_Task statement_. Please report each line of the data below that contains "lượng".

_Records excerpted from a collection_.
- - - - - - -

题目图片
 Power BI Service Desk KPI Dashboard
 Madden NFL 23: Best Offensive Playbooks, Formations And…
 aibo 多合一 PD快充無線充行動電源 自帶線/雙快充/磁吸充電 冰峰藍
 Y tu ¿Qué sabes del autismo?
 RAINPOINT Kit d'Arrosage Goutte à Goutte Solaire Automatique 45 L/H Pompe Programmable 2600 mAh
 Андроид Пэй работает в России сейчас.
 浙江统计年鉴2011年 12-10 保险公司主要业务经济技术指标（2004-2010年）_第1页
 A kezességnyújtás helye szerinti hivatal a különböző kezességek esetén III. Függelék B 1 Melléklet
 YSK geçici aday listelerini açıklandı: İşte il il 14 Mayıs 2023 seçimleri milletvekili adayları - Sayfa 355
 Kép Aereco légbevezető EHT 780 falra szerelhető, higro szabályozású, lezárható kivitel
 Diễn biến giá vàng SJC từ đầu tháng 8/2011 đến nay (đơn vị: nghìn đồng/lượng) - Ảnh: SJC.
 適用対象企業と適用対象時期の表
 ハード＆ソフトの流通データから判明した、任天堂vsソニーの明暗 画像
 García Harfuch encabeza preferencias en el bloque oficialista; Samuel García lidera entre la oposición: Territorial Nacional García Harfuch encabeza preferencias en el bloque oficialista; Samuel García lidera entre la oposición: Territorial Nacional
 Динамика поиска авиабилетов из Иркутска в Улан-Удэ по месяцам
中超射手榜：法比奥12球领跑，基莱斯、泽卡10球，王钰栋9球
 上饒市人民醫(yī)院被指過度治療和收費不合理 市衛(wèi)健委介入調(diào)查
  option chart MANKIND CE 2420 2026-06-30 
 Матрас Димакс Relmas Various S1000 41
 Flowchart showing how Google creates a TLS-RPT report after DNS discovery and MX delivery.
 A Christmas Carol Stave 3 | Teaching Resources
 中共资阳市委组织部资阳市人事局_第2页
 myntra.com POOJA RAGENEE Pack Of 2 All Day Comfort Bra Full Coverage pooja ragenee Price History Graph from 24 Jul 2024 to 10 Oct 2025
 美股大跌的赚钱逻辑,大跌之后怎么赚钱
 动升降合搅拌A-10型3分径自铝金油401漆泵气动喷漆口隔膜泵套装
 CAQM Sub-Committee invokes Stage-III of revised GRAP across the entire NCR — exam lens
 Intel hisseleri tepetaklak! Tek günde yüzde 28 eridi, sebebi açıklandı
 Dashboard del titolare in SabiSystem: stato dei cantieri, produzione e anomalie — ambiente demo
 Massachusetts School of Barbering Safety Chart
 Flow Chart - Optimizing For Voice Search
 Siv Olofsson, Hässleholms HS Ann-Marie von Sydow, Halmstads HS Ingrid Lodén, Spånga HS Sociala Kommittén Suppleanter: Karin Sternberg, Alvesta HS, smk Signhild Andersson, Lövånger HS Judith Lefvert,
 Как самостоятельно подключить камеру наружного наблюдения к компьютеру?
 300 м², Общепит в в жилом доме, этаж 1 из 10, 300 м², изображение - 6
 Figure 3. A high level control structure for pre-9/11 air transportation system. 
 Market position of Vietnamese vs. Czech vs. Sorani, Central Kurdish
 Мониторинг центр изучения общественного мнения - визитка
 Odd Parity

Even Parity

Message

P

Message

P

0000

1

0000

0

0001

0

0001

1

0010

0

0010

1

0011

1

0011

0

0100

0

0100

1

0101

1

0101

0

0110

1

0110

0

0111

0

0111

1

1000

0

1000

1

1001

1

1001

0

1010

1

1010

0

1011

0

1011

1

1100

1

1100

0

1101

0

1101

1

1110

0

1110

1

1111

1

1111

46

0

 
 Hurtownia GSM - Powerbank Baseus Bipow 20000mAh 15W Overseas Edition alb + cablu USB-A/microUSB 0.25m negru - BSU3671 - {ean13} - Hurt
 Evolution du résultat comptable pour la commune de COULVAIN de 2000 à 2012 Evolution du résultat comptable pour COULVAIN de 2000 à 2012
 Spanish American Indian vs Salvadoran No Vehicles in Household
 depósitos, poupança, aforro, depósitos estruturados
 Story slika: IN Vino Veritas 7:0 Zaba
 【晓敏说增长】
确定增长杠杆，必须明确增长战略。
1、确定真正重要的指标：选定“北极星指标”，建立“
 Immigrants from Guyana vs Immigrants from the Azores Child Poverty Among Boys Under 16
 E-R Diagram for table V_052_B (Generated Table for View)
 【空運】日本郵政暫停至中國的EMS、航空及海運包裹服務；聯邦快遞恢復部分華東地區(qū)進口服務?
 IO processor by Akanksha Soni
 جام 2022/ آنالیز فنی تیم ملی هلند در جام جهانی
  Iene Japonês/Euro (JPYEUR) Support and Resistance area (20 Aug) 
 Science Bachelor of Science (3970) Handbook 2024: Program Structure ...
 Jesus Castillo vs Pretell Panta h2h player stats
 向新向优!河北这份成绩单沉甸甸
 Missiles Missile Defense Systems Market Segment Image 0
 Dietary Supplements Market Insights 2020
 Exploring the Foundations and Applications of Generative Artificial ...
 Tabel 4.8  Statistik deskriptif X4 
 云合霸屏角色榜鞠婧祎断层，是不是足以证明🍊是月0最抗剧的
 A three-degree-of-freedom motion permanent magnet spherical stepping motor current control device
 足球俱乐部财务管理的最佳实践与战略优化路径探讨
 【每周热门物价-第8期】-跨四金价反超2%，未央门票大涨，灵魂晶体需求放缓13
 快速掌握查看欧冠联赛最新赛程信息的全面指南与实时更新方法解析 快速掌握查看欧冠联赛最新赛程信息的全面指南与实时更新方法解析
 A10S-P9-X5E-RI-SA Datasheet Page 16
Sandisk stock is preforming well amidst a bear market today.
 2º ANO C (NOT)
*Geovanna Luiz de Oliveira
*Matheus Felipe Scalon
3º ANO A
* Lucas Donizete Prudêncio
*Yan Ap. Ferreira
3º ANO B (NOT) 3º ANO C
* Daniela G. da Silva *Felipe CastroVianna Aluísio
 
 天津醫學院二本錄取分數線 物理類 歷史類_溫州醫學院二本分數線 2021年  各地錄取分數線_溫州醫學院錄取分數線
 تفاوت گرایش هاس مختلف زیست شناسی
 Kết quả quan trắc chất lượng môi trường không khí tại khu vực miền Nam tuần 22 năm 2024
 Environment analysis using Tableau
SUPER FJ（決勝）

- - - - - - -

_Response_.
 Diễn biến giá vàng SJC từ đầu tháng 8/2011 đến nay (đơn vị: nghìn đồng/lượng) - Ảnh: SJC.
 Kết quả quan trắc chất lượng môi trường không khí tại khu vực miền Nam tuần 22 năm 2024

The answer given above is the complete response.